# How to profit from Data Science: Lead  Scoring

The [2015 McKinsey report](http://www.mckinsey.com/industries/telecommunications/our-insights/telcos-the-untapped-promise-of-big-data?cid=digistrat-eml-alt-mkq-mck-oth-1606) on the use of Big Data in global telecom companies showed 50% of organisation saw no increase in profitability, while 5% found significant benefit. Why?

A common problem is the Data Science opportunity is framed in the context of “Big Data”. This risks the project focusing too early on the “who & how” of storing and managing that "Big Data". This inevitabily leads to an IT centric project to deploy a massive IT infrastructure (e.g., data warehouse, data lake) that becomes disconnected from the original business problem and hence the bueinss benefits. 

A better approach is to focus on the “Predictive Applications that enriches critical CRM activities" to ensure the project is driven by the “what & why” of the business outcomes and remains a business, not technology, project. 

## Enhancing the CRM Process

A typical (simplified) CRM process look like this:
![Enhancing the CRM Process](CRM_Lifecycle.png)

Under each CRM phases we have listed touch points where a Predictive Application can increase the effectiveness or efficiency of a critical CRM activity to boost revenue and/or lower cost.  Four common starting points are:

* __[Lead Scoring](http://jupyter1.datascienceinstitute.com.au:8888/notebooks/Notebooks/Predictive_Applications/bank_lead_scoring_benefits.ipynb)__: This is the process of ranking leads to prioritise sales resources on the customers who are most likely to buy now.  The benefits are increased sales ROI and conversion rate, which translate to a lower cost of sale and higher revenues. There is also the benefit of a happier, more engaged salesforce. 
* __[Customer Lifetime Value (CLV)](http://jupyter1.datascienceinstitute.com.au:8888/notebooks/Notebooks/Predictive_Applications/Online_Retail_CLV.ipynb)__: This is the present value of the future cash flows attributed to the customer during his/her entire relationship with the company. CLV is considered an essential business metric as it shifts focus from quarterly revenues to long-term profits.  Furthermore, the sum over all CLVs estimates the value of the customer base, which can then be managed as an asset.
* __[Churn Prediction](http://jupyter1.datascienceinstitute.com.au:8888/notebooks/Notebooks/Predictive_Applications/customer-churn-prediction.ipynb)__: This answers the question “Which customers are most likely to leave in the next period?” Given the high cost of acquiring new customers there is a strong incentive to take action to retain a customer.

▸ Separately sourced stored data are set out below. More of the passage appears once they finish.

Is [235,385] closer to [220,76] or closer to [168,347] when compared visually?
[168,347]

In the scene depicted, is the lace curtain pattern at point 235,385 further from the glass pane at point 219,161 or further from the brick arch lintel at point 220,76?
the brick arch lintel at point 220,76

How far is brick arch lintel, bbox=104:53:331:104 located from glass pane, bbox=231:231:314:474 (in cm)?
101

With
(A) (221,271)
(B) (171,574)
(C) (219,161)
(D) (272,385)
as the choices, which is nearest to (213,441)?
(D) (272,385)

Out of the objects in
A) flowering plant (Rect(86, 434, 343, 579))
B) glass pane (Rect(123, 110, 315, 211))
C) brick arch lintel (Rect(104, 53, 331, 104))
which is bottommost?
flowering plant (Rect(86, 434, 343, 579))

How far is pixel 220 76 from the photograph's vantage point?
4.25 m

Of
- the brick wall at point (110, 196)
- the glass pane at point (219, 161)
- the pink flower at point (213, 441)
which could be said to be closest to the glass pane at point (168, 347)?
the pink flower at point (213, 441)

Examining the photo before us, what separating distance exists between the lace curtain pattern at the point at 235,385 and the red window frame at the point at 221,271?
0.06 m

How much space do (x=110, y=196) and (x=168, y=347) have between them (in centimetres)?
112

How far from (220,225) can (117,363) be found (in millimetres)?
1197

Organisations typically employ retention actions (e.g., a targeted phone call or mailing campaigns), with offers of special benefits or discounts. The difficult questions becomes “who, how, and at what cost?” 
* __Recommendation Engine__: This predicts which products a prospect is likely to purchase based on past behaviour (e.g., past purchases, activity, ratings). It was made famous by Amazon and Netflix, who provide recommendations on what to buy or view. The benefit is high conversation rates and an increase in basket size. 

## Lead scoring
This notebook explore the benefits of Lead Scoring by comparing the converstion rate and return on investment for calling 20% of prospects on a contact list. Two approaches are compared: 
* Unscored: Take a random selection of 20% of the contact list
* Scored: Score each prospect using a simple machine learning model and call the top 20%

The contact list is taken from a real world banking example. The [data](https://archive.ics.uci.edu/ml/datasets/Bank+Marketing) contains 41k CRM records from a Portugues bank during the year 2010. 

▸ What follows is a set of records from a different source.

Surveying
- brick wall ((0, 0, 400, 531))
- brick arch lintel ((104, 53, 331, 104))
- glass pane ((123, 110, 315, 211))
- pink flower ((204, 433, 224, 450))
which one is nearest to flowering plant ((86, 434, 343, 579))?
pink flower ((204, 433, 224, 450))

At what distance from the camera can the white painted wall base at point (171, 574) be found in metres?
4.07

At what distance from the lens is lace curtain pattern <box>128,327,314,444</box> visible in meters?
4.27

## Measuring the benefits of lead scoring
To measure the benefits of lead scoring, we define a function to calculate the Conversion Rate 

$CVR =  \frac{sale}{calls} $ 

and another to calculate Return on Investment 

$ROI = \frac{profit - cost}{cost} $ 

where $profit = unitProfit*sales$ and $cost = unitCost*calls$

We have assumed the unit cost is \$5 and unit profit \$45.  These are very rough estimates and small changes have a big effect on ROI so they need to be refined.

In [1]:
def calc_call_roi(contactList, leadScore, percentToCall, cost = 5.00, profit = 45.00): 
    
    sales, calls = calc_calls(contactList, leadScore, percentToCall)
    return (sales*profit - calls*cost) / float(calls*cost)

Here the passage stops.